- [WHAT IS REQUIRED]:
Give again the entries below exactly, beginning at the first line and ending at the line with "FALENE - Scarpa".

- [EXTRACTED DATA]:
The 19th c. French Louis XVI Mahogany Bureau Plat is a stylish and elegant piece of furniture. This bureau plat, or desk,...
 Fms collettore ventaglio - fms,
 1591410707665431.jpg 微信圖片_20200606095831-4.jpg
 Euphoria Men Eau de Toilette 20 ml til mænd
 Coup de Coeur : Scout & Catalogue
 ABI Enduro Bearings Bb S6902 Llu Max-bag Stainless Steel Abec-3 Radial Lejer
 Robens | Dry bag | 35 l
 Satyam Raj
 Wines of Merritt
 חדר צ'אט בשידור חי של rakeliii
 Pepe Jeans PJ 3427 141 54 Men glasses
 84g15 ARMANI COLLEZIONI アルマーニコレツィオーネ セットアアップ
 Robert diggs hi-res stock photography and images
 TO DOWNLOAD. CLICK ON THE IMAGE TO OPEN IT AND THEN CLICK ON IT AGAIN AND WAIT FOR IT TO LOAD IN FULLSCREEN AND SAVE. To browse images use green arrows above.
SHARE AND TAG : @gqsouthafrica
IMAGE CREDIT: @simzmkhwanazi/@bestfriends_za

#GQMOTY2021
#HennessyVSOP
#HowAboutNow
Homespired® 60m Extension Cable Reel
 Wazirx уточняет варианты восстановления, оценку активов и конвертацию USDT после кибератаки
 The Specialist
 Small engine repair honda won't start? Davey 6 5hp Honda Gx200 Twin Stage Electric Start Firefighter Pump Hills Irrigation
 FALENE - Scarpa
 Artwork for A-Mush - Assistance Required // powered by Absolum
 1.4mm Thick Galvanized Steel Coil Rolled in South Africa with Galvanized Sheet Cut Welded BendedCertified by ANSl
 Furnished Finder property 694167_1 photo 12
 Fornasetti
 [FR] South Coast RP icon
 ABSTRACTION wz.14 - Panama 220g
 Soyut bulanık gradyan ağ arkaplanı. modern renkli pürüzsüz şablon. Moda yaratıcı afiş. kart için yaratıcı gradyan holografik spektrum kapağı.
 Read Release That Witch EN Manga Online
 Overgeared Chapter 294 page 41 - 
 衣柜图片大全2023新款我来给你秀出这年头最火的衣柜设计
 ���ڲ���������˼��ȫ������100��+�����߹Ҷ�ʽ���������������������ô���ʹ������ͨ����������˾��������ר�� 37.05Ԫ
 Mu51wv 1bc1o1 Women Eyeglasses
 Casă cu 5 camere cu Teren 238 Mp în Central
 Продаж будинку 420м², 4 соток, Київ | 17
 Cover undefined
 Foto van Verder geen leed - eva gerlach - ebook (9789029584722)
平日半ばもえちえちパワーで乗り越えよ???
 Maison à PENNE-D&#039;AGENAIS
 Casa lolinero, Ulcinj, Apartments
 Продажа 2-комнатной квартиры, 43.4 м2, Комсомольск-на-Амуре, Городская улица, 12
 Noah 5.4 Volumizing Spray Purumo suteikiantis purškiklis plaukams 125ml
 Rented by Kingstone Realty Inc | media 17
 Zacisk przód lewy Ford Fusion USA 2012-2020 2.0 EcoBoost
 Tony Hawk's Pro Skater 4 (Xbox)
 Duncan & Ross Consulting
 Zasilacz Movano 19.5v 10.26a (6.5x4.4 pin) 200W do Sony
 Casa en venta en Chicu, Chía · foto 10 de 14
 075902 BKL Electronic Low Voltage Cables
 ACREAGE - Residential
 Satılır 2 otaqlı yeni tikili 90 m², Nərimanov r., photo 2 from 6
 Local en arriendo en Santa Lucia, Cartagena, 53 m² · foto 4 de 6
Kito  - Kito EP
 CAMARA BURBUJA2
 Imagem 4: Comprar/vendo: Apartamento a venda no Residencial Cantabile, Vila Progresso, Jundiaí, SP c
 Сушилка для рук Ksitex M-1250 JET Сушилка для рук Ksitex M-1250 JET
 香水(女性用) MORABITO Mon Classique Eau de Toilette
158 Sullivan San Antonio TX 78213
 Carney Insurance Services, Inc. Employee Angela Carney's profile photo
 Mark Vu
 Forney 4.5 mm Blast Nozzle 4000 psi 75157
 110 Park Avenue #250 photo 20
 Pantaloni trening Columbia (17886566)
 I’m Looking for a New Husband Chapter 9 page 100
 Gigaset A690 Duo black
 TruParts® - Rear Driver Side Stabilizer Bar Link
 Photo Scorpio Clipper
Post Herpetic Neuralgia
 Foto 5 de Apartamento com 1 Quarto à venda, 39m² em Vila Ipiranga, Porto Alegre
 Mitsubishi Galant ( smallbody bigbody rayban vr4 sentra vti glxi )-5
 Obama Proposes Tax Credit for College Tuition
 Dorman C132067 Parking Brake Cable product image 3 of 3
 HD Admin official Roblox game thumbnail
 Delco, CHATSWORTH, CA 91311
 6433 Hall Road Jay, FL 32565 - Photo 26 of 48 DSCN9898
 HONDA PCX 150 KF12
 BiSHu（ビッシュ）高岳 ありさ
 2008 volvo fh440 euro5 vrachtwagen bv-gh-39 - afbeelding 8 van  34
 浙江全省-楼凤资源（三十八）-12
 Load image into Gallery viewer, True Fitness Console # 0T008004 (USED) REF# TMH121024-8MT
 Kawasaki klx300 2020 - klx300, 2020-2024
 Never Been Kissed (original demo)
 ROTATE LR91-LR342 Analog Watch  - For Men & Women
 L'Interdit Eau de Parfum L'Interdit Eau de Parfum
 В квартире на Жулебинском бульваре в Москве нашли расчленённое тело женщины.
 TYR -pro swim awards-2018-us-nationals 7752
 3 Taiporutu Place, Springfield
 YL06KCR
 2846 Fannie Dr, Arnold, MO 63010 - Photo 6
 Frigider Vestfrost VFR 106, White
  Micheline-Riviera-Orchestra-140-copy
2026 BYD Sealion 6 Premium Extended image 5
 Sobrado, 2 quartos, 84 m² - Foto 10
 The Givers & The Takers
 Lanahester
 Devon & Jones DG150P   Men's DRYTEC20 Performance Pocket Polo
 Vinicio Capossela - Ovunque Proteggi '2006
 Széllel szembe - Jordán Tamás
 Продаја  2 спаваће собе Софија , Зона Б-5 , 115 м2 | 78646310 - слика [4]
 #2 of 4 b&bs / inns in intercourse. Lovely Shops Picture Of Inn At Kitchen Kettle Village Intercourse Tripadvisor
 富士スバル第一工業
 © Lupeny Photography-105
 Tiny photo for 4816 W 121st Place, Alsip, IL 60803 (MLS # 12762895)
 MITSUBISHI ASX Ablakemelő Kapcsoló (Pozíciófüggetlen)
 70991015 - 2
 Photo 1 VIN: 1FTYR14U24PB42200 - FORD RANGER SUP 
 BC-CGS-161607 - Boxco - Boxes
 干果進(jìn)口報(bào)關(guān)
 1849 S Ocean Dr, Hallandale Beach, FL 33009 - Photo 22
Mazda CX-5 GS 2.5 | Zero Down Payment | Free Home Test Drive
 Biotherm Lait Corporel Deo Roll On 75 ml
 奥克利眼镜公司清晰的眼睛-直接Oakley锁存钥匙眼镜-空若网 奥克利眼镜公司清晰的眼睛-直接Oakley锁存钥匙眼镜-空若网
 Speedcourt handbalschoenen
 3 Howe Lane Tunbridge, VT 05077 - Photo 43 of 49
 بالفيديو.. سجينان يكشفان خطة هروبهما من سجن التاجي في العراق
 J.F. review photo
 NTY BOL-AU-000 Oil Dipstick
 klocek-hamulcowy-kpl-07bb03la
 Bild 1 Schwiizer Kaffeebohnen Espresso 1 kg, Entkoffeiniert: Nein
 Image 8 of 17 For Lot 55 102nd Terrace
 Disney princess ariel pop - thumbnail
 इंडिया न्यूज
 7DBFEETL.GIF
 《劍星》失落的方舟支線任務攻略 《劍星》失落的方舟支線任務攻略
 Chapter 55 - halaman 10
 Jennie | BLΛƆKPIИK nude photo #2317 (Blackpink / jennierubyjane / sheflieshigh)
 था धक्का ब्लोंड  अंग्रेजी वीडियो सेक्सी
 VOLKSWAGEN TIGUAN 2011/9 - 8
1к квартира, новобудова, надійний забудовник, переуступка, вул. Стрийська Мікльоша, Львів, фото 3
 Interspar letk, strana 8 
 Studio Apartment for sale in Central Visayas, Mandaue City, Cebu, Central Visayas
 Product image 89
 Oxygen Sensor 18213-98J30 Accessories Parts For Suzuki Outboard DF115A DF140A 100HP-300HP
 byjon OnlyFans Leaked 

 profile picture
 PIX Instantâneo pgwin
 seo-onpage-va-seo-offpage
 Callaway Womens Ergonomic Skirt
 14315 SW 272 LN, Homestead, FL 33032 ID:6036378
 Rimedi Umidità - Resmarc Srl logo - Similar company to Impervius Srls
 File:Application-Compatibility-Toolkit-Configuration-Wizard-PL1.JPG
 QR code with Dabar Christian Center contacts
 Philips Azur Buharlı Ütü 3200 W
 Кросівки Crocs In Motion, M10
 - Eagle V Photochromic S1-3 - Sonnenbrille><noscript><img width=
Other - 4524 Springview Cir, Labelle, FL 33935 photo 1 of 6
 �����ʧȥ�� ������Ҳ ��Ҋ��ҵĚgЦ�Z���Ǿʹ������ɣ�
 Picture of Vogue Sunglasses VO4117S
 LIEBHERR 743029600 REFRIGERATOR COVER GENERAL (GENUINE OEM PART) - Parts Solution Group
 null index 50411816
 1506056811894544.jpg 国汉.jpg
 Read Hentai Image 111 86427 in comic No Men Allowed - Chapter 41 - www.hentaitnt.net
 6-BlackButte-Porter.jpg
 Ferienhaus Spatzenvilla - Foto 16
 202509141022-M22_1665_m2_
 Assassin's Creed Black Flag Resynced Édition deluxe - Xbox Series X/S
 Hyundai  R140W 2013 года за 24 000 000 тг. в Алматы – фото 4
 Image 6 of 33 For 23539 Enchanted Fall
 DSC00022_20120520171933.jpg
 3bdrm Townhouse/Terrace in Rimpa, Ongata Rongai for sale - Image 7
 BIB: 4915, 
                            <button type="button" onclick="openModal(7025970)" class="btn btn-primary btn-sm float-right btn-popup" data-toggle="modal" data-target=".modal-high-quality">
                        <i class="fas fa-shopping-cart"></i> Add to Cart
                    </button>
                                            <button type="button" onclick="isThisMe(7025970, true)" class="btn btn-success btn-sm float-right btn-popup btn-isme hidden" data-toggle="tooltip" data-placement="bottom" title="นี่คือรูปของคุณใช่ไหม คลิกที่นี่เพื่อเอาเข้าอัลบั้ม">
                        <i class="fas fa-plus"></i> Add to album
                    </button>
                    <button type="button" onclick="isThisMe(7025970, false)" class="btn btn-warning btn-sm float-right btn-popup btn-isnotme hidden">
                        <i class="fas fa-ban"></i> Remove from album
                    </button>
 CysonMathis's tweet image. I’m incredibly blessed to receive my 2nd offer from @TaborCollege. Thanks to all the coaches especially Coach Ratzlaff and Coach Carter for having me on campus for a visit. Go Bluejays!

- [ANSWER TO THIS PROBLEM]:
The 19th c. French Louis XVI Mahogany Bureau Plat is a stylish and elegant piece of furniture. This bureau plat, or desk,...
 Fms collettore ventaglio - fms,
 1591410707665431.jpg 微信圖片_20200606095831-4.jpg
 Euphoria Men Eau de Toilette 20 ml til mænd
 Coup de Coeur : Scout & Catalogue
 ABI Enduro Bearings Bb S6902 Llu Max-bag Stainless Steel Abec-3 Radial Lejer
 Robens | Dry bag | 35 l
 Satyam Raj
 Wines of Merritt
 חדר צ'אט בשידור חי של rakeliii
 Pepe Jeans PJ 3427 141 54 Men glasses
 84g15 ARMANI COLLEZIONI アルマーニコレツィオーネ セットアアップ
 Robert diggs hi-res stock photography and images
 TO DOWNLOAD. CLICK ON THE IMAGE TO OPEN IT AND THEN CLICK ON IT AGAIN AND WAIT FOR IT TO LOAD IN FULLSCREEN AND SAVE. To browse images use green arrows above.
SHARE AND TAG : @gqsouthafrica
IMAGE CREDIT: @simzmkhwanazi/@bestfriends_za

#GQMOTY2021
#HennessyVSOP
#HowAboutNow
Homespired® 60m Extension Cable Reel
 Wazirx уточняет варианты восстановления, оценку активов и конвертацию USDT после кибератаки
 The Specialist
 Small engine repair honda won't start? Davey 6 5hp Honda Gx200 Twin Stage Electric Start Firefighter Pump Hills Irrigation
 FALENE - Scarpa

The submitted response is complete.